Andrew Lo and Mark Mueller at MIT have a paper called “WARNING: Physics Envy May Be Hazardous to Your Wealth,” also available as a video. The takeaway, which is equally relevant to Development as to Finance (the actual topic of the talk), is that inability to recognize radical UNCERTAINTY is what leads to excessive confidence in mathematical models of reality, and then on to bad policy and prediction.
Imagine how much harder physics would be if electrons had feelings! (Richard Feynman)
The key concept of the paper is to define a continuum of uncertainty from the less radical to the more radical. You get into trouble when you think there is a higher level of certainty than there really is.
- Complete Certainty
- Risk without Uncertainty (randomness when you know the exact probability distribution)
- Fully Reducible Uncertainty (known set of outcomes, known model, and lots of data, fits assumptions for classical statistical techniques, so you can get arbitrarily close to Type 2).

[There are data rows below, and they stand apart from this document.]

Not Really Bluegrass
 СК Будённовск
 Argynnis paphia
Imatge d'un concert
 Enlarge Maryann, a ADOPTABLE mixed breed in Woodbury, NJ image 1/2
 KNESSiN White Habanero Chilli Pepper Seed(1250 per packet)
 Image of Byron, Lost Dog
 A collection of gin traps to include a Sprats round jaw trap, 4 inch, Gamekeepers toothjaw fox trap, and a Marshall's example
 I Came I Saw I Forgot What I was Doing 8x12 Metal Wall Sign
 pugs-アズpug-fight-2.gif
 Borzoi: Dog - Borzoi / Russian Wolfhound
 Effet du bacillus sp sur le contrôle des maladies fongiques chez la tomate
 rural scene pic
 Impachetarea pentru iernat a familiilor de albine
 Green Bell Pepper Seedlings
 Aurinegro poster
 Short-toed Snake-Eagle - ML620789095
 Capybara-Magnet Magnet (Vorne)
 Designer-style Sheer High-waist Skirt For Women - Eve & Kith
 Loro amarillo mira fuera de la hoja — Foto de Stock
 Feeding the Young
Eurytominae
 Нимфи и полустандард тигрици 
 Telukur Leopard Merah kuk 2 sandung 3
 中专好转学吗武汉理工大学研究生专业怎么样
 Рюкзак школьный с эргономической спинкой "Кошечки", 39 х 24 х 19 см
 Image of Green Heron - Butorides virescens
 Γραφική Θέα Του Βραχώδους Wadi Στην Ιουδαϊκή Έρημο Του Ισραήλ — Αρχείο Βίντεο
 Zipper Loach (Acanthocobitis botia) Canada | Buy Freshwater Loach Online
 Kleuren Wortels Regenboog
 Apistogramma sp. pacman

- Partially Reducible Uncertainty (“model uncertainty”: “we are in a casino that may or may not be honest, and the rules tend to change from time to time without notice.”)
- Irreducible Uncertainty: Complete Ignorance (consult a priest or astrologer)
Physics Envy in Development leads you to think you are in Type 2 or Type 3, when you are really in Type 4. This feeds the futile search for the Grand Unifying Theory of Development.
Type 4 “model uncertainty” seems even more likely in development than in finance, theory is a lot better developed and produces more precise hypotheses in the latter than in the former (but even I am not so skeptical to think that we are in Type 5 in development).
What to do about large uncertainty in development? Obviously not a question that can be answered in one sentence. Maybe we can start by discussing social systems that allow decentralized agents to solve their own problems that feature less uncertainty, and doesn’t require any centralized agent to know the uncertain whole model of the whole system.